Nicole trat hinter Zamorra hervor. Die Kleine begann laut zu weinen. »Mama«, schluchzte sie herzzerreißend und streckte ihre Ärmchen nach der Frau aus.
»Kleinen Moment noch bitte. Wir helfen Ihrer Tochter ebenfalls.« Gleich darauf schritt Merlins Stern erneut zur Tat. Danach gab Nicole das Mädchen zurück.
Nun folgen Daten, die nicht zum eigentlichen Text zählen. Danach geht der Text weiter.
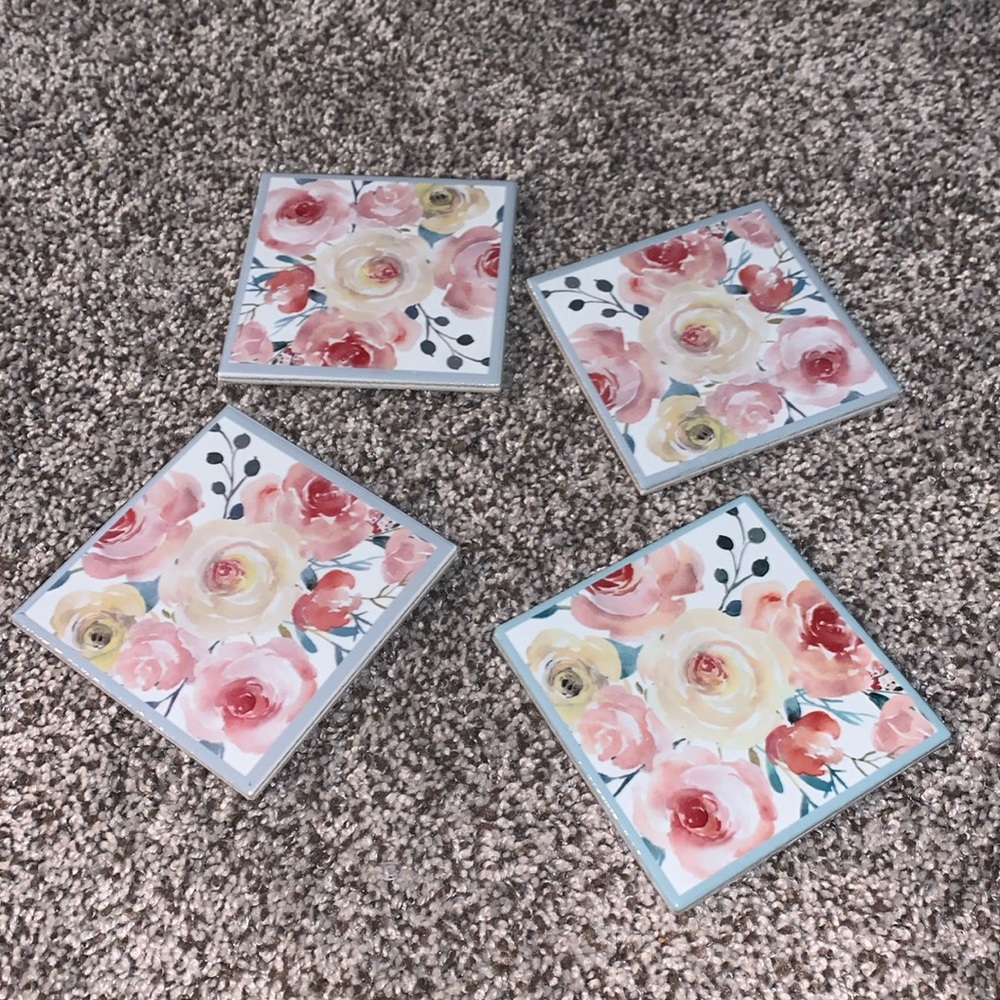 4 Pink and Yellow Rose Floral Themed Ceramic Coasters with Cork Backs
Die Mutter drückte ihr Kind so fest, dass die beiden Retter ernsthaft um dessen wiedergewonnene Gesundheit fürchteten. Sie schluchzte und wollte gar nicht mehr aufhören. Schließlich hob sie ruckartig den Kopf. Aus großen Augen starrte sie Zamorra und Nicole an, die soeben gehen wollten. »Danke«, flüsterte sie. »Vielen herzlichen Dank. Ich weiß nicht, wer Sie sind und wie Sie das gemacht haben. Aber ich stehe ein Leben lang in Ihrer Schuld. Sind Sie… so eine Art Zauberer?«
Nicole nahm die Hand der Frau. »Etwas in der Art, ja.« Sie lächelte ihr zu. »In unserer Schuld stehen Sie aber nicht. Wir helfen, wo es möglich ist. Alles Gute für Sie und Ihre Tochter. Sie sind jetzt immun, die Seuche kann Ihnen nichts mehr anhaben.«
Eine Stunde später trafen Zamorra und Nicole im Kapuzinerkloster ein. Immer wieder waren sie auf Flüchtende gestoßen, die sich zu Fuß oder per Fahrrad Richtung Stadtgrenzen bewegten. Viele würden durchkommen, andere würden im Kugelhagel der eigenen Armee fallen.